Recently in Milwaukee, there was an overnight sewage leak at Wisconsin’s largest water treatment plant.

According to an article in the Milwaukee Journal-Sentinel, Milwaukee Metropolitan Sewage District workers spotted a pool of untreated sewage on the surface at the Jones Island treatment plant, and an undetermined amount of sewage ended up flowing to the Kinnickinnic River, a small but densely populated tributary that feeds into Milwaukee’s lakefront.

There are few things more unappealing and off-putting than the thought of a sewage water in the water supply. Even the best filtration system can’t clean up the mental block of using soiled water. So the best defense is an even better offense: eliminate sewage leaks in the first place. How? Telemetry.

Telemetry is wired or wireless transmission and reception of measured data, and it’s a vital component to monitoring and equipment control for several industries—including oil and gas companies, agriculture, utility services like wastewater and sewage, and municipalities. Telemetry is the 24/7 eyes and ears of equipment, providing accurate data in real-time, alerts to malfunctions and leaks, and for workers, peace of mind. When a utility operation has potential to spoil the local environment or basic needs, like clean water, telemetry is the multi-level fail-safe to make sure the worst-case scenarios don’t happen (or are at least manageable).

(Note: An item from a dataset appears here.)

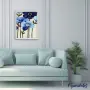 Комплект за рисуване по номера Сини цветя- Орхидея, Figured'Art, 40 х 50 см, снимка 2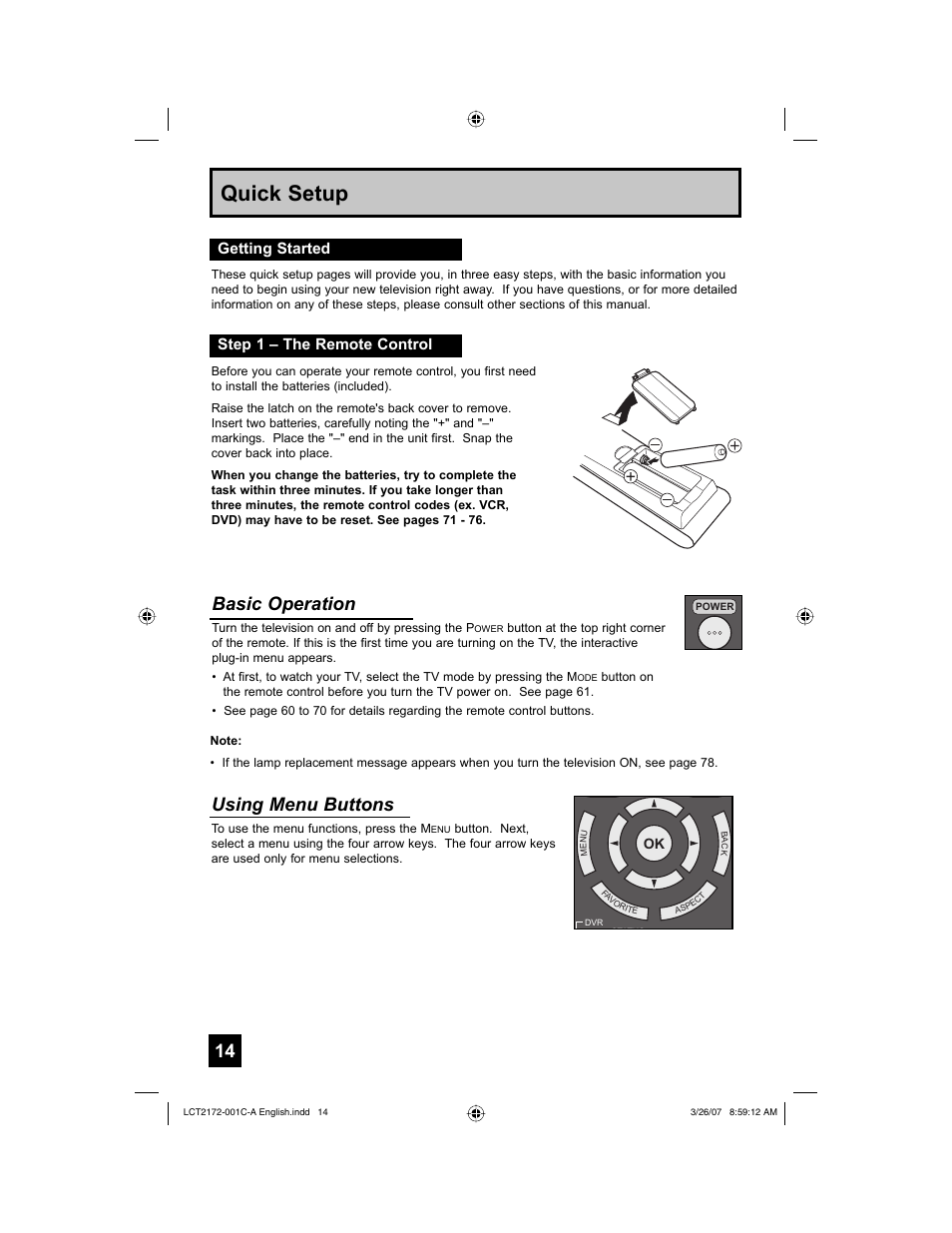 Getting started, Step 1 – the remote control, Quick setup | Using menu buttons, Basic operation, Getting started step 1 – the remote control | JVC HD-58S998 User Manual | Page 14 / 88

High Tide founder and President David Mundie agrees. “Most states require that someone drive by and look at the unit once a day. When you have telemetry, you don’t have to physically visit, you can have information before you get there, which cuts down on overtime and makes the system run more smoothly.”

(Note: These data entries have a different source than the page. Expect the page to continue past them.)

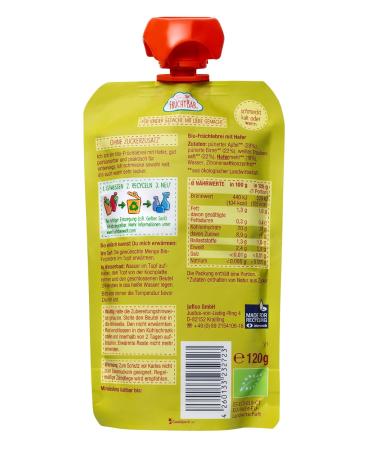 FruchtBar Bio Quetschie Oatmeal Apple Pear Grape - Organic Fruit Puree Squeeze Bags 8x120g | International Shipping - Buy Online on SooperMarket.com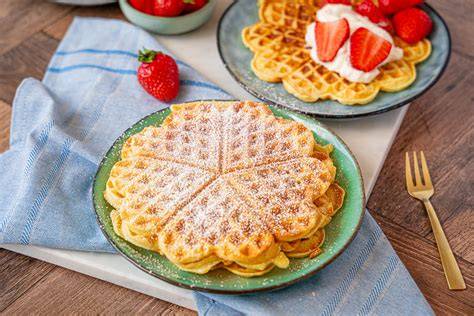 Belgische und Herzwaffeln im Vergleich, mit Abbildung der Backplatten, Texturen und Portionsgrößen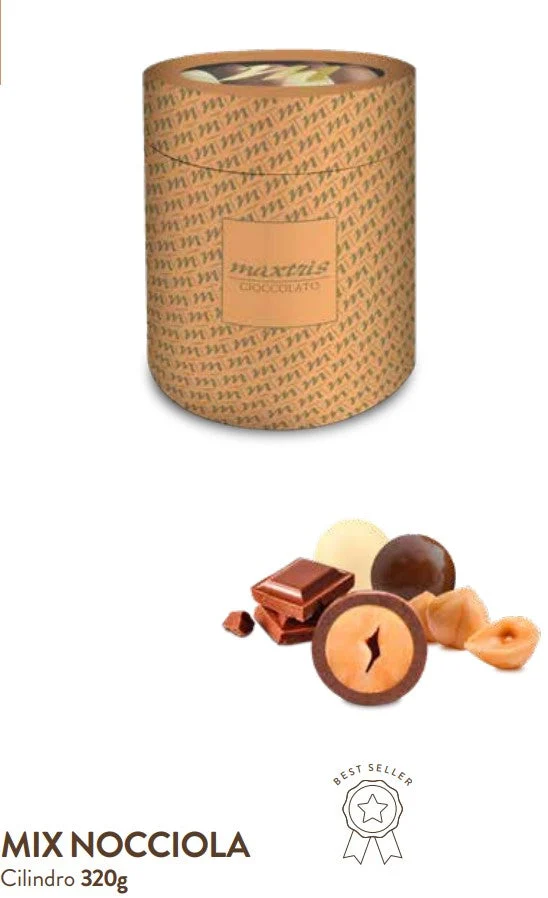 Maxtris Cilindro Natale Dragees Assortiti Nocciola, Mandorla, al Latte e Fondente 320 Gr 1 Pz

Outfitted with alerts and alarms, a telemetry system like a cloud-based SCADA serves as the first indication of any problem or issue. In the case of Milwaukee’s sewage leak, a SCADA system would have noted the pressure change that might mean a breach in the pipeline, or it could have detected outside contaminants in the water. This first alert would prompt a visual check earlier than 10 hours.

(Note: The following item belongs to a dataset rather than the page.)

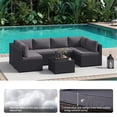 thumbnail image 5 of Dateyes 7-Piece Patio Furniture Set, All-Weather Wicker Rattan Outdoor Sectional Sofa Set with Coffee Table (Dark Gray), 5 of 7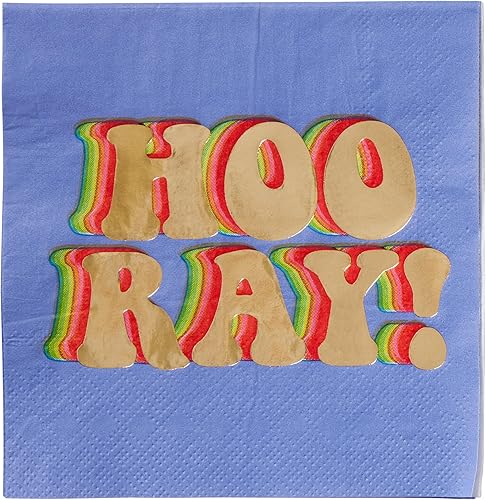 C.R. Gibson Hooray - Servilletas de bebidas de lámina dorada, 20 unidades (TW4-25412)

Fortunately, the Milwaukee Water Works does employ a SCADA system for the drinking water, and none of the overflow or leakage affected the tap water. But Kinnickinnic River is not only a picturesque waterway through Wisconsin, it’s also the main tributary to a densely populated urban area.

Spillage of hazardous or contaminated materials could damage the ecosystem and become a breeding ground for a myriad of diseases. A cloud or Internet-based SCADA system, which can monitor more remote areas and alert to overflow or equipment failure, is a wastewater department’s first and best line of defense against leakage.